Starling's patience was not improving in her fourth decade. With Section Chief Jack Crawford backing her at the U.S. Attorney's office, she got a court order to move the entire college collection to her basement room at Quantico. Federal marshals accomplished the move in a single van.
The court order created waves, as she feared it would. Eventually, the waves brought Krendler…
At the end of along two weeks, Starling had most of the library material organized in her makeshift Lecter center. Late on a Friday afternoon she washed her face and hands of the bookdust and grime, turned down the lights and sat on the floor in the corner, looking at the many shelf-feet of books and papers. It is possible that she nodded off for a moment…
A smell awakened her, and she was aware that she was not alone. It was the smell of shoe polish.
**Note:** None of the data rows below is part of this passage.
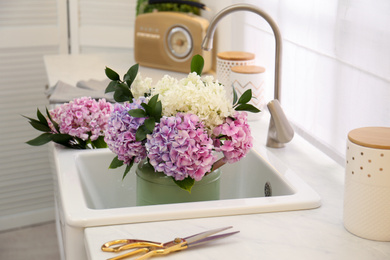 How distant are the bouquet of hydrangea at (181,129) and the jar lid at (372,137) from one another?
214mm

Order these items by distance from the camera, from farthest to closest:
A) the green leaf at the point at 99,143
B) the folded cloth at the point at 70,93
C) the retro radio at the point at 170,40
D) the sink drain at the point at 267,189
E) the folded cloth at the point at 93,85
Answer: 1. the retro radio at the point at 170,40
2. the folded cloth at the point at 93,85
3. the folded cloth at the point at 70,93
4. the green leaf at the point at 99,143
5. the sink drain at the point at 267,189

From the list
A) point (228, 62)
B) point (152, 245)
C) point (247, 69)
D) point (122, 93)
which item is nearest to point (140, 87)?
point (122, 93)

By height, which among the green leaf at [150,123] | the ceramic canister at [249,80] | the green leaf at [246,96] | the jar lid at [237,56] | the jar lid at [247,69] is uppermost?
the green leaf at [246,96]

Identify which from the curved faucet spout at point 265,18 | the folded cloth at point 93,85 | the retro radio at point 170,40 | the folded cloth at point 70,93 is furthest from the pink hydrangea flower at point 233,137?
the retro radio at point 170,40

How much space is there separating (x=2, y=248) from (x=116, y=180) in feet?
5.69

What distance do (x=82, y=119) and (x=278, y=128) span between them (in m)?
0.48

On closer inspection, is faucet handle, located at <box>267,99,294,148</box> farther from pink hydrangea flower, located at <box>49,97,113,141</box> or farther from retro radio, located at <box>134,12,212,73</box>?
retro radio, located at <box>134,12,212,73</box>

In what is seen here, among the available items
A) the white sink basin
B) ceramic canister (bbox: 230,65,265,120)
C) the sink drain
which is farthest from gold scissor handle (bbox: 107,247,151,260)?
ceramic canister (bbox: 230,65,265,120)

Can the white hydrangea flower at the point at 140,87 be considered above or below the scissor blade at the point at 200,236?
above

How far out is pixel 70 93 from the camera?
5.97 feet

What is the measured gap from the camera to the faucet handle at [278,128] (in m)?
1.37

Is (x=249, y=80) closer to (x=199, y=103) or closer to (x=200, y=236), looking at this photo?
(x=199, y=103)

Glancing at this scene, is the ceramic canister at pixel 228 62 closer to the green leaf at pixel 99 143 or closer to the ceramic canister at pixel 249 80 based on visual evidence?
the ceramic canister at pixel 249 80

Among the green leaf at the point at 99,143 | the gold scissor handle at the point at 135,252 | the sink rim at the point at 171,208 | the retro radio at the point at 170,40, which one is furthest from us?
the retro radio at the point at 170,40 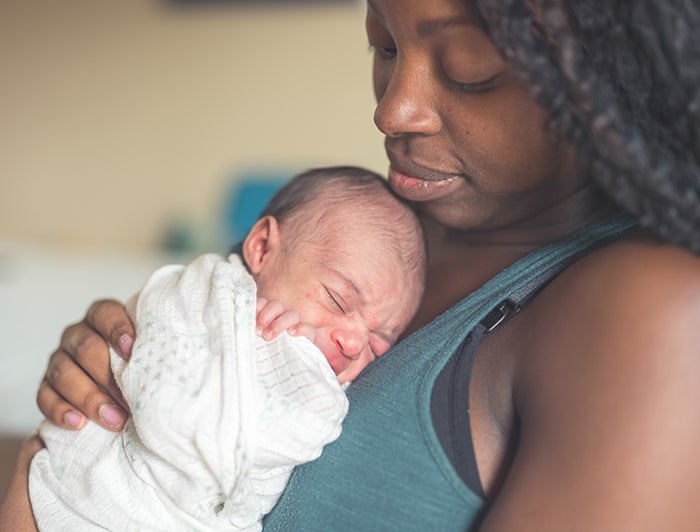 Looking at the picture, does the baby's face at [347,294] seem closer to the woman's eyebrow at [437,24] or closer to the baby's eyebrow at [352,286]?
the baby's eyebrow at [352,286]

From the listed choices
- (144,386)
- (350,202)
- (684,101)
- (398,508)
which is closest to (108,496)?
(144,386)

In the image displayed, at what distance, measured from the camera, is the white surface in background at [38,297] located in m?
2.22

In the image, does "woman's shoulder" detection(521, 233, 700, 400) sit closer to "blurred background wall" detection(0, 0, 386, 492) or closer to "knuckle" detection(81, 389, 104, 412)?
"knuckle" detection(81, 389, 104, 412)

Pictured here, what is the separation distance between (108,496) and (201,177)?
3.76m

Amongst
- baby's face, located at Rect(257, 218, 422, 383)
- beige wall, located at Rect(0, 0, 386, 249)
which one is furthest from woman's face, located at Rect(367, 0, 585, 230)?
beige wall, located at Rect(0, 0, 386, 249)

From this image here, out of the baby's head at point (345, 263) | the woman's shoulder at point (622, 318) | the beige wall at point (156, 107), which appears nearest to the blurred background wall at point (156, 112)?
the beige wall at point (156, 107)

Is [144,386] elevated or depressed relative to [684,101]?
depressed

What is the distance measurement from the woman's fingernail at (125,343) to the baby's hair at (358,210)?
0.24 meters

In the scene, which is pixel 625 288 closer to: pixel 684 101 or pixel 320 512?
pixel 684 101

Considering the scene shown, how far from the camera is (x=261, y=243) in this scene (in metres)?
1.23

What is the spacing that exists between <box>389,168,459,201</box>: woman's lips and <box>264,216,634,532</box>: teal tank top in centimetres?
14

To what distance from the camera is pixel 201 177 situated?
465 cm

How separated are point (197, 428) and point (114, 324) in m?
0.28

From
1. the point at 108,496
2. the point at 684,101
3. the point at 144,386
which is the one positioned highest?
the point at 684,101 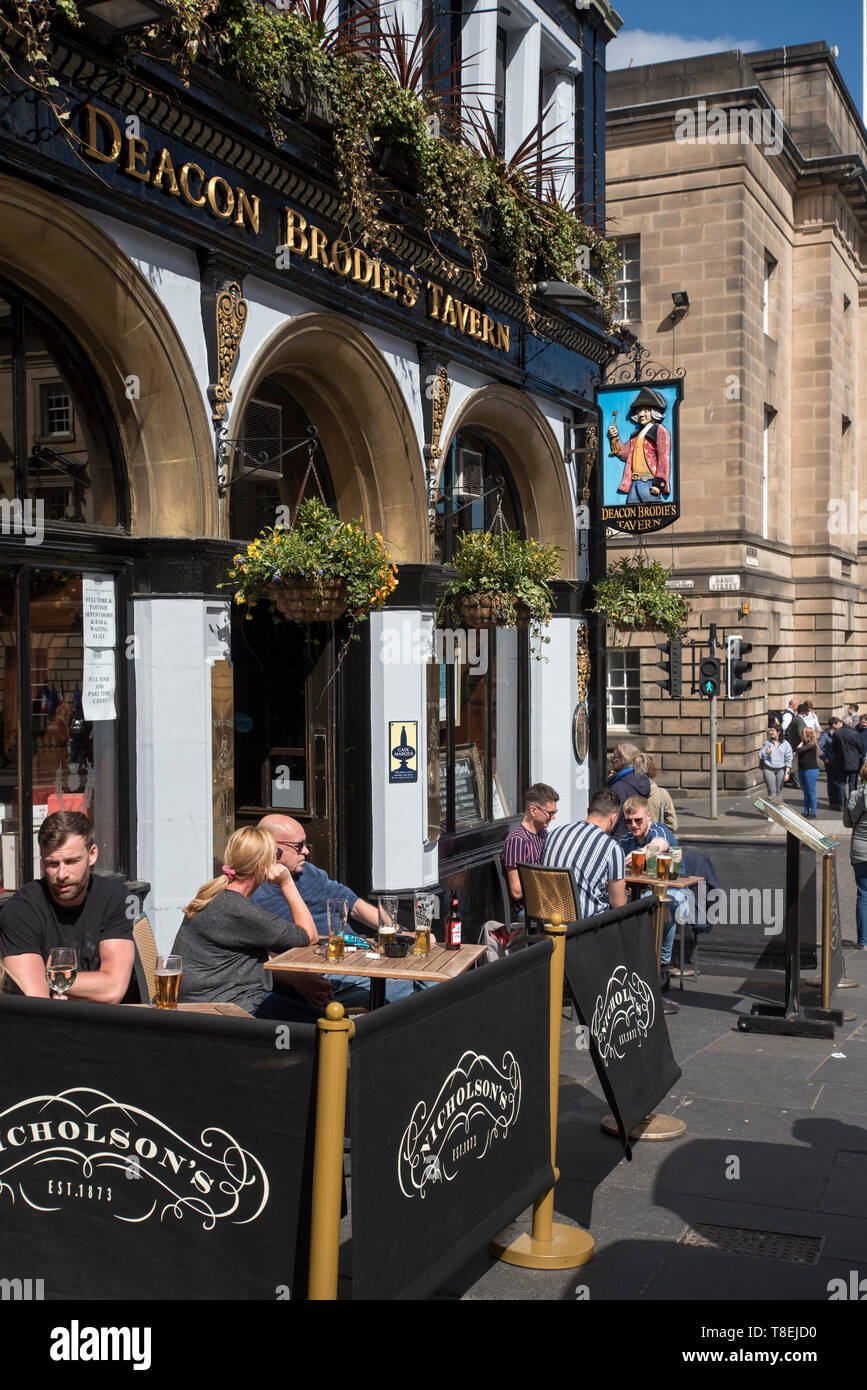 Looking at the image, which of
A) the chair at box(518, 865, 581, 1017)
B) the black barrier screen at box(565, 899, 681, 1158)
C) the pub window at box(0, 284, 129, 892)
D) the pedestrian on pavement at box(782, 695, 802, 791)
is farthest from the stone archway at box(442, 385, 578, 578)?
the pedestrian on pavement at box(782, 695, 802, 791)

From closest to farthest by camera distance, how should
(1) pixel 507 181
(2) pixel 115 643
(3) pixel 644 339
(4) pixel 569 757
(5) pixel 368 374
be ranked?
1. (2) pixel 115 643
2. (5) pixel 368 374
3. (1) pixel 507 181
4. (4) pixel 569 757
5. (3) pixel 644 339

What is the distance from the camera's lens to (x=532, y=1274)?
5.17 meters

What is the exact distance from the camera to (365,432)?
1071 centimetres

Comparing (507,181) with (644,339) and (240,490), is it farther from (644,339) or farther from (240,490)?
(644,339)

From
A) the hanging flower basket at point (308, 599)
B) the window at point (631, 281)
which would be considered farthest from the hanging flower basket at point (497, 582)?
the window at point (631, 281)

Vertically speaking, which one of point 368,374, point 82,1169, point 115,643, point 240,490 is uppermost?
point 368,374

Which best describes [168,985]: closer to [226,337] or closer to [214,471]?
[214,471]

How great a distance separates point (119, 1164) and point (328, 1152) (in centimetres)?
61

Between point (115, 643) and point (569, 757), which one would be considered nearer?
point (115, 643)

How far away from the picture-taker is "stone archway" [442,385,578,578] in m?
12.9

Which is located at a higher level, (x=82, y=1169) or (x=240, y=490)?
(x=240, y=490)

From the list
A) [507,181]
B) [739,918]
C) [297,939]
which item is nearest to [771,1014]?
[739,918]

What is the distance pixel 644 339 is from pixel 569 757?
16.4 m

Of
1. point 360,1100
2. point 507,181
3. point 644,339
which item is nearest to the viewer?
point 360,1100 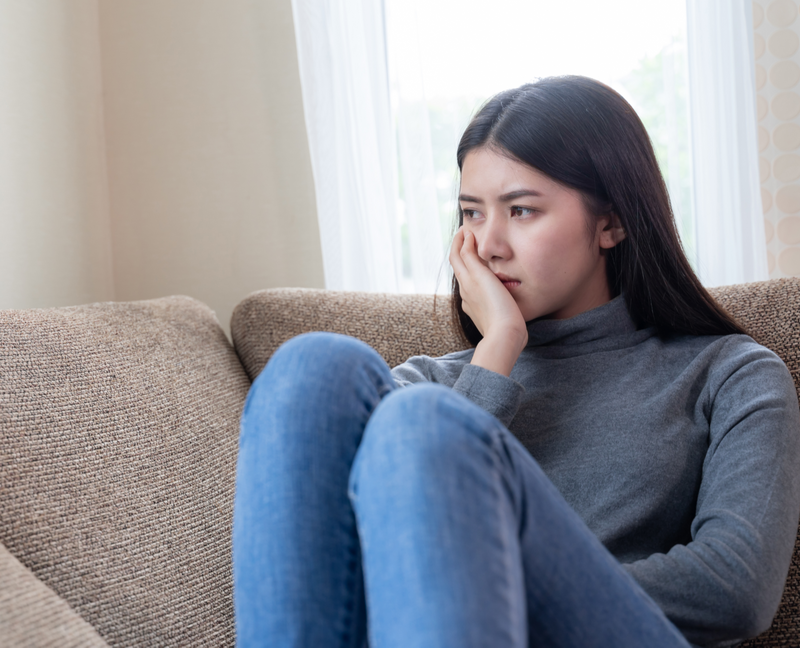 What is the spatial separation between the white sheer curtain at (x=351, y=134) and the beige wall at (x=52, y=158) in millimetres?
576

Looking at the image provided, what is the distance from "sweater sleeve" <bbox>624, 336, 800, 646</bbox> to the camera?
2.22ft

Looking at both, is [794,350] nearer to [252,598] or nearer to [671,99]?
[671,99]

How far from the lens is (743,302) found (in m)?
1.12

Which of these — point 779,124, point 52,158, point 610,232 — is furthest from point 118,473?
point 779,124

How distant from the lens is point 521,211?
0.97 meters

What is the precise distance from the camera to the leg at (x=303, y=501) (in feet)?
1.75

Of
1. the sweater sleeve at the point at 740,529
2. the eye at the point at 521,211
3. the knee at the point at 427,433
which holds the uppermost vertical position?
the eye at the point at 521,211

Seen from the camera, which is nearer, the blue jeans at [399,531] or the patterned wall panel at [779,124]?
the blue jeans at [399,531]

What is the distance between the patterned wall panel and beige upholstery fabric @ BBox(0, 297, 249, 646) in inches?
50.0

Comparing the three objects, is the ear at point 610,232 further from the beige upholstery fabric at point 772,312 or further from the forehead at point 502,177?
the beige upholstery fabric at point 772,312

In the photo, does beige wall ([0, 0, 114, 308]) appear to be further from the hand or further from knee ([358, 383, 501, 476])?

The room was semi-dark, and Deputy Assistant Inspector General Paul Krendler moved along the shelves slowly, peering at the books and pictures. He hadn't bothered to knock – there was no place to knock on the curtains and Krendler was not inclined to knocking anyway, especially at subordinate agencies. Here, in this basement at Quantico, he was definitely slumming.
One wall of the room was devoted to Dr Lecter in Italy, with a large photograph posted of Rinaldo Pazzi hanging with his bowels out from the window at Palazzo Vecchio. The opposite wall was concerned with crimes in the United States and was dominated by a police photograph of the bow hunter Dr Lecter had killed years ago. The body was hanging on a peg board and bore all the wounds of the medieval Wound Man illustrations. Many case files were stacked on the shelves along with civil records of wrongful death lawsuits filed against Dr Lecter by families of the victims.